Here the difference becomes apparent. With the *a_list syntax, you don’t pass in the list, you pass in a series of single values. Python then forms these into a variable length list which can be accessed from the variable name preceded by an asterisk. Normally, this variable is named *args. Similarly, for keyword arguments, **kwargs can be used to form a variable sized dictionary of keyword arguments.

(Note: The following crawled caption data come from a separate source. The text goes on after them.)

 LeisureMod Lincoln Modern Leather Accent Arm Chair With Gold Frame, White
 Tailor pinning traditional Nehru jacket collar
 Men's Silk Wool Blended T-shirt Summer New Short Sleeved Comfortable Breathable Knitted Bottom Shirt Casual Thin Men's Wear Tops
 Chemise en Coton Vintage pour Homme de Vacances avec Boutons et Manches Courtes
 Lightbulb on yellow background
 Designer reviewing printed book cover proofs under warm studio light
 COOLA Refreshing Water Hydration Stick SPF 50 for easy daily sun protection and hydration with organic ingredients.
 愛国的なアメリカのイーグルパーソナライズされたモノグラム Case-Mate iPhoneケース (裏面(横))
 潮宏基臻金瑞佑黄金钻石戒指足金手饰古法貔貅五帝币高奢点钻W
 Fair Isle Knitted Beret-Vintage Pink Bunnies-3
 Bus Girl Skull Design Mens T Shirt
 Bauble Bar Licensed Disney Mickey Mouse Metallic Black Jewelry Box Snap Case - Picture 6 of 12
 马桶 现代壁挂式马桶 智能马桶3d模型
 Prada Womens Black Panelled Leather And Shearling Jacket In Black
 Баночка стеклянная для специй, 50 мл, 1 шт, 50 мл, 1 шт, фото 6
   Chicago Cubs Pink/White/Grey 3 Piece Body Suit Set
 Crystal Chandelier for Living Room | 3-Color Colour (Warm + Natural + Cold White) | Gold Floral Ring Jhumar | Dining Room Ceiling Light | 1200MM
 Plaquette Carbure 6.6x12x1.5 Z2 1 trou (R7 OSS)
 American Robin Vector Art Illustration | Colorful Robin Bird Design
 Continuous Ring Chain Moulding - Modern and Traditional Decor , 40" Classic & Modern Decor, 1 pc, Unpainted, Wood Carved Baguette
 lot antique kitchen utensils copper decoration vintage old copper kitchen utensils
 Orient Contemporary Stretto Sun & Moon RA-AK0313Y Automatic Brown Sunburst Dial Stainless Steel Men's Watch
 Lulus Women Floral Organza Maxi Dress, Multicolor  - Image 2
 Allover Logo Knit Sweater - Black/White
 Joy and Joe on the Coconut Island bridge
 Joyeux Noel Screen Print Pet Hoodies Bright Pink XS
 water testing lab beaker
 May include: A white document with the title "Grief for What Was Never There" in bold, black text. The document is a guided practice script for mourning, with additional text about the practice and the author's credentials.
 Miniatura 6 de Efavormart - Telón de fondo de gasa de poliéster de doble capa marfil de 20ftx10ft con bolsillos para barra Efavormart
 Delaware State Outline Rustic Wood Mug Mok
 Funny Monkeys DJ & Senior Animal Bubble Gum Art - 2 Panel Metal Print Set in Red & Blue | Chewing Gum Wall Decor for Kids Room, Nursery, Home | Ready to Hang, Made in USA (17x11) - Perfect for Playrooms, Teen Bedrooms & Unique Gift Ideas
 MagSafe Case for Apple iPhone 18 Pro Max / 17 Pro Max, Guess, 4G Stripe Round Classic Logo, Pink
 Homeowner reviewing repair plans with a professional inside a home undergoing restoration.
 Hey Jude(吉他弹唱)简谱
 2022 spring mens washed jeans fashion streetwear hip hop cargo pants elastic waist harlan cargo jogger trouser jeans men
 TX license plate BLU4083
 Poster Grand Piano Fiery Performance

Further, there is a syntax for unpcking such lists, called either the splat or “unpacking argument lists” operator, using *list or **dict will unpack them into component arguments. This syntax only works within a function call.

Putting these together, we can create generic decorators that work on any function with any set of arguments.

def dynamic_logging_decorator(file="out.log"):
    # lets use a decorator that can optionally take an argument
    def debug_decorator(function):
        def decorated_function(*args, **kwargs):
            with open(file, 'a') as f:
                f.write("calling function " + str(function) +
                " with args " + str(args) + "; and keyword args " + str(kwargs))
            return function(*args, **kwargs)
        return decorated_function
    return debug_decorator

I leave testing this as an exercise to the reader.

That’s a wrap for my introductory post, hope you enjoyed it. I’m always looking for feedback though you can’t comment here. Here’s the link to the “inverted” version of this that should be a valid python 3.x file, and here’s the link to the post source.

There may be some python errors in this, but the code in the source file is all correct.